Segment Start: Task input
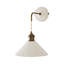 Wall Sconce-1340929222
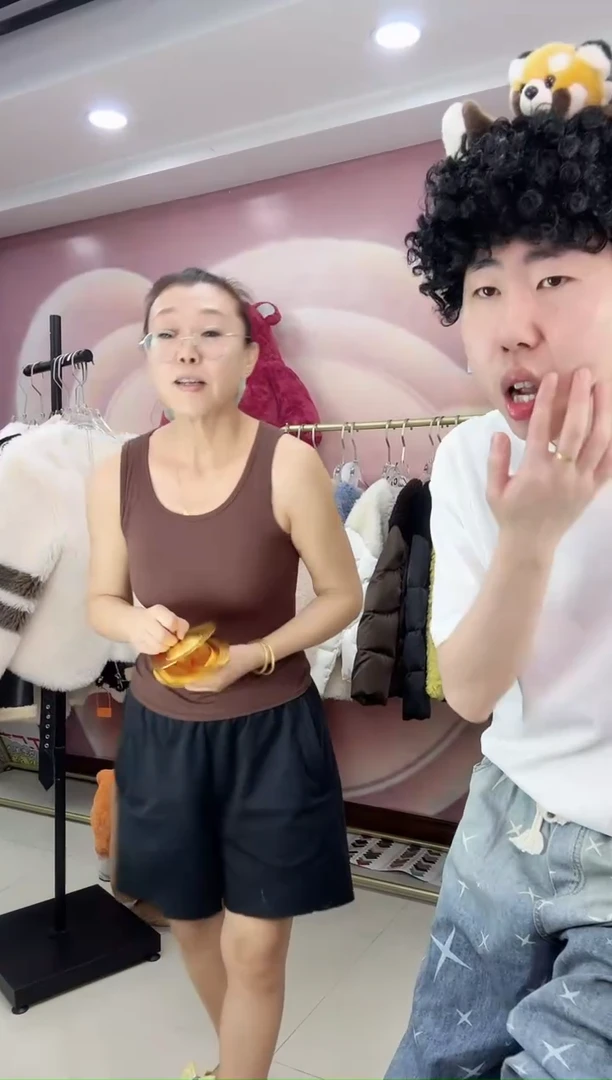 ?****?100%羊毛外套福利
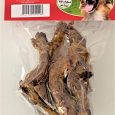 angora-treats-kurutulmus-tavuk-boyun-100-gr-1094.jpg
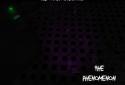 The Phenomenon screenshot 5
Segment End: Task input
Segment Start: Task input
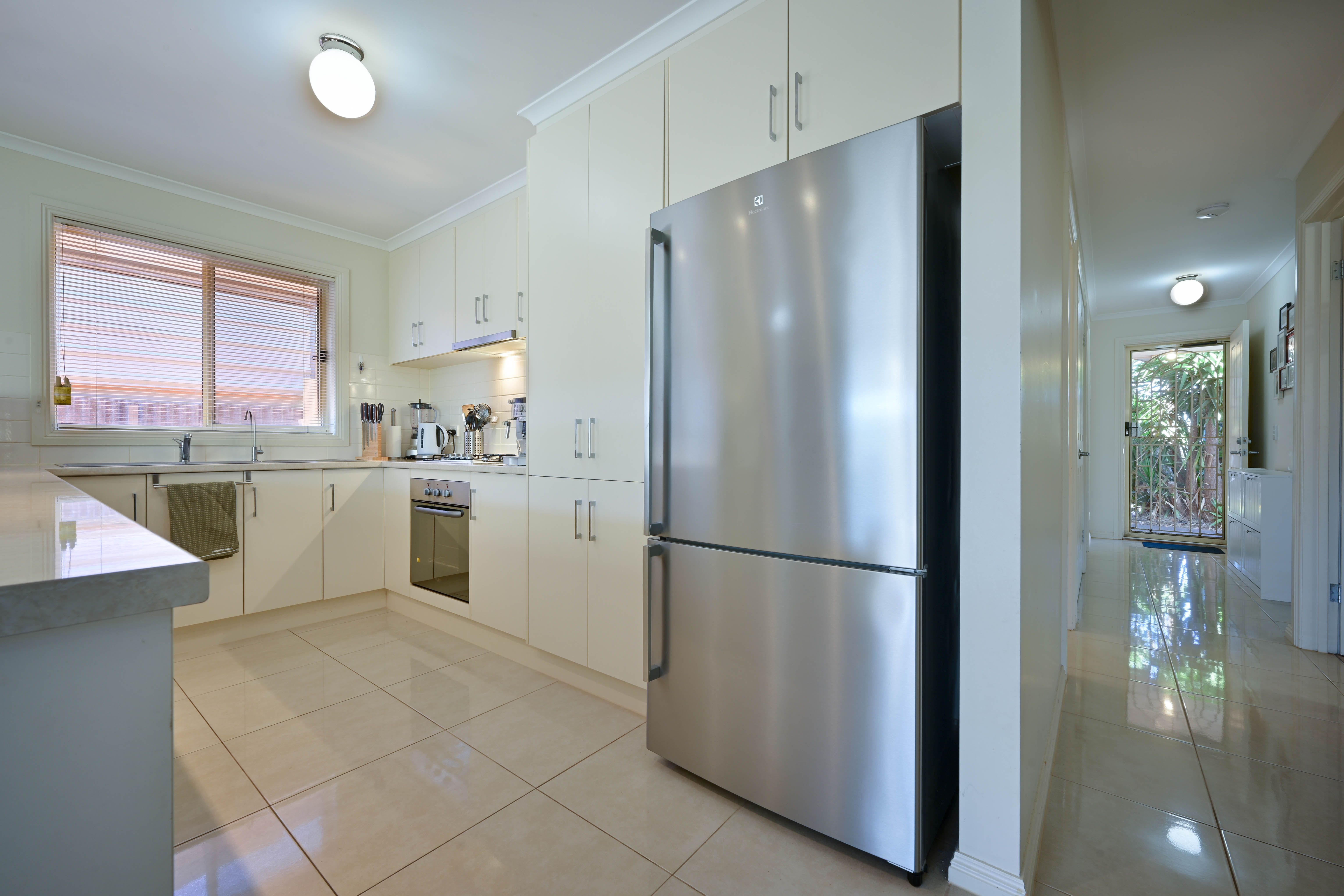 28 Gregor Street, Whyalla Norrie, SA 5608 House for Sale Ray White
Segment End: Task input
__Your objective__:
Only one stretch of the listing is wanted: the lines starting at the one with "Wall Sconce-1340929222" and ending at the one with "The Phenomenon screenshot 5", copied exactly and free of pictures.

__Expected output__:
 Wall Sconce-1340929222
 ?****?100%羊毛外套福利
 angora-treats-kurutulmus-tavuk-boyun-100-gr-1094.jpg
 The Phenomenon screenshot 5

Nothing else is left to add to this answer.